Ripple’s recent wave of high-profile acquisitions indicates growing strength and ambition in uniting traditional finance with cryptocurrencies.
However, concerns remain that Ripple’s reliance on funding pegged to XRP ($2.56) exposes weaknesses in the company’s long-term financial sustainability and the actual utility of its ecosystem.
Growth exceeds token utility
Ripple’s recent acquisitions, including Hidden Road and GTreasury, underscore its accelerated push into traditional finance and its effort to expand financial infrastructure to corporate markets.
However, Ripple’s growing footprint in traditional finance has revived long-standing concerns about XRP’s utility and relevance. These newly acquired services primarily target institutional clients that rely on conventional financial instruments, leaving XRP with little to no role in their core operations.
This disconnect has become a focal point of increasing scrutiny among analysts and investors, who question whether Ripple’s business expansion truly supports the long-term value of its token.
Financial Dependency Conflicts with the XRP Roadmap
Despite recent acquisitions, Ripple’s financial reality still largely depends on XRP sales and tokenomics. The company continues to hold and release large volumes of XRP.
These regular sales, managed through an escrow system, have long served as a key source of liquidity and operational financing for the company.
However, this reliance on the sale of XRP contrasts with the company’s long-promoted view of the token as a functional bridge currency rather than a financial asset.
For years, the narrative has been that XRP would become the bridge coin, settlement fuel, and utility token within XRPL and Ripple’s infrastructure. But the new data introduces a structural disconnect.
An effective example is Ripple’s RLUSD stablecoin.
As of early October, RLUSD had reached a market capitalization of almost $789 million. However, BeInCrypto previously reported that around 88% of RLUSD supply is in Ethereum, not XRPL.
Many XRP holders expected the adoption of RLUSD to increase demand for the token. Transactions on the XRP Ledger require small XRP fees to be burned. However, most of RLUSD activity occurs outside of the Ledger, limiting its impact on the token’s overall utility.
This situation has created strategic tension for Ripple, which is expanding beyond the original purpose of XRP. While expected to benefit from this growth, the token plays only a limited role in new operations.
So far, this change has not resulted in increased use or burning of XRP, raising questions about its usefulness in the real world.
The debate over the relevance of XRP has now expanded to include how Ripple manages and influences the circulation of its token.
XRP buyback raises new questions
Ripple’s intervention in the XRP market has added another layer to the debate over the utility of the token.
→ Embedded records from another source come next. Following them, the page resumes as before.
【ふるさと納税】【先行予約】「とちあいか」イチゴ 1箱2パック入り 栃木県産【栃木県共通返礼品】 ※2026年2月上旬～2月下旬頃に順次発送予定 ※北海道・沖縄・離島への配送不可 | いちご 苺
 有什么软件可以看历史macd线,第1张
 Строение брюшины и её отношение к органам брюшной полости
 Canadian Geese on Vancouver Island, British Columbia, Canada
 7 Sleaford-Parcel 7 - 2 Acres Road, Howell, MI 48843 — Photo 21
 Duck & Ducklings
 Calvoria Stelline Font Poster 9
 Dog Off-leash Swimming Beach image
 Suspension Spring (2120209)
The company recently revealed plans to raise $1 billion in XRP to establish a digital asset treasury, one of the largest fundraising efforts focused on a single cryptocurrency.
Supporters see the plan as a sign of confidence in XRP’s long-term prospects and an attempt to bring stability to the market.
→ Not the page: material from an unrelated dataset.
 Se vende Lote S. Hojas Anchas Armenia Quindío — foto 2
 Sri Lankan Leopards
However, critics argue that a company raising capital to buy its own token risks blurring the line between financial strategy and price support.
Some analysts warn that large-scale interventions could reinforce the perception that Ripple’s success still depends on XRP speculation, rather than true institutional or on-chain utility.
Ultimately, the initiative highlights the same structural challenge facing the Ripple ecosystem. While the company is rapidly expanding into traditional finance, XRP’s practical role within that growth remains limited.